Among the many signs, one said simply, “We Are Here Again,” referring to the massive protests in February 2020. Another, “No Farmers, No Food, No Future.” Also, “Green Ideology Has Brought Farmers to Their Knees.” The farmers’ focus is on the European Commission order to sharply reduce chemical pesticides by 2030, so that one tractor brandished a sign reading: “Ban on Plant Protection Will Endanger Food Safety.”
German farmers are planning a national rally to begin on Aug. 31 in Bonn, to be called a “365” [day] demonstration, not to stop until the green mandates are rolled back.
Swiss Minister: Ukraine Conflict Could Quickly Escalate to Nuclear War
Although Switzerland’s official position is to condemn Russia’s war against Ukraine in the strongest possible terms, Federal Councilor of Finance Ulrich “Ueli” Maurer spoke his own mind at a Swiss People’s Party event on Aug. 12 in the canton of Appenzell Ausserrhoden.

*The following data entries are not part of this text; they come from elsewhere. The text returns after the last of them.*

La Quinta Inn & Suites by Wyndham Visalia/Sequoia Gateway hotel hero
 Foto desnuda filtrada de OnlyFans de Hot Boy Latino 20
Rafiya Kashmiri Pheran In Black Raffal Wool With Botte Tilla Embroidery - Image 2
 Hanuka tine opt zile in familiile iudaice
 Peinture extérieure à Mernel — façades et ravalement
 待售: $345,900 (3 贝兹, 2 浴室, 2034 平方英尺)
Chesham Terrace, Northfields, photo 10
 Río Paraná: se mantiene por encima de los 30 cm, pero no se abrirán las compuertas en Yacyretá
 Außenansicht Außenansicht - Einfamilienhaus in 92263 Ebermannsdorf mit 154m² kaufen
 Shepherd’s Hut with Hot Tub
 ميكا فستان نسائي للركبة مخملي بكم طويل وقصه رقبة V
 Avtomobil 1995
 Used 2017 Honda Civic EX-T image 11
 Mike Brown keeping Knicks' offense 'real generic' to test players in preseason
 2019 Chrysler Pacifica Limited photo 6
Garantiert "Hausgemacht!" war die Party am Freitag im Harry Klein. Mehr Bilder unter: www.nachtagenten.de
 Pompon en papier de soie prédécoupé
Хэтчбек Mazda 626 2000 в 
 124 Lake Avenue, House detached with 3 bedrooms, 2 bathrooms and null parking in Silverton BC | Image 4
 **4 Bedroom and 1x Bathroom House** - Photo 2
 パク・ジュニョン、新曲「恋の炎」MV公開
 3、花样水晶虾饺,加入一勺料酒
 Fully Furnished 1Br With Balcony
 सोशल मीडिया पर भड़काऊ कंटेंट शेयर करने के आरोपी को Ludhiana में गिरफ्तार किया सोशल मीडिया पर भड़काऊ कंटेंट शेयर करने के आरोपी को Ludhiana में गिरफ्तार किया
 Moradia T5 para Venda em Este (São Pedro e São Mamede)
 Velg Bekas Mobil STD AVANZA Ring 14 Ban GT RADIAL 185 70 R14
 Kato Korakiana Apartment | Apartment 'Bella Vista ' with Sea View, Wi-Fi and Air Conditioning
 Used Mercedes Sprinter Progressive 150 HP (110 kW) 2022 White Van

Maurer first explained his view that the war in Ukraine was a “proxy war” between NATO and Russia. The struggle for power, he said, according to CH Media, was being fought on Ukraine’s back.
Whereas Defense Minister Viola Amherd and Chief of the Armed Forces Lt. Gen. Thomas Süssli had previously tried to assure Swiss citizens that a nuclear war was unlikely, Maurer, a former defense minister, warned of the danger that the war could spill over into other states. He hoped “that the situation in Ukraine does not escalate further,” but said he could not rule out “that in a few weeks there will be a nuclear war in Europe.”
EU’s Borrell Embraces Double Standards
The EU’s foreign policy chief, Josep Borrell, explained an old chapter in the “rules-based order” rule book in an interview with Spain’s El País on Aug. 11. He was confronted with the double standard in the great concern for the people of Ukraine, but no such concern for those of Palestine. Borrell admitted that conditions in Gaza were scandalous, and that Gazans were “trapped in an open-air prison”—but supporting Kiev against Moscow, he said, was a “moral imperative.”
Borrell tried to set Western politicians at ease about double standards. He explained: “We are often criticized for double standards. But international politics is to a large degree about applying double standards. We do not use the same criteria for all problems.” Borrell has clarified something about today’s confusing world.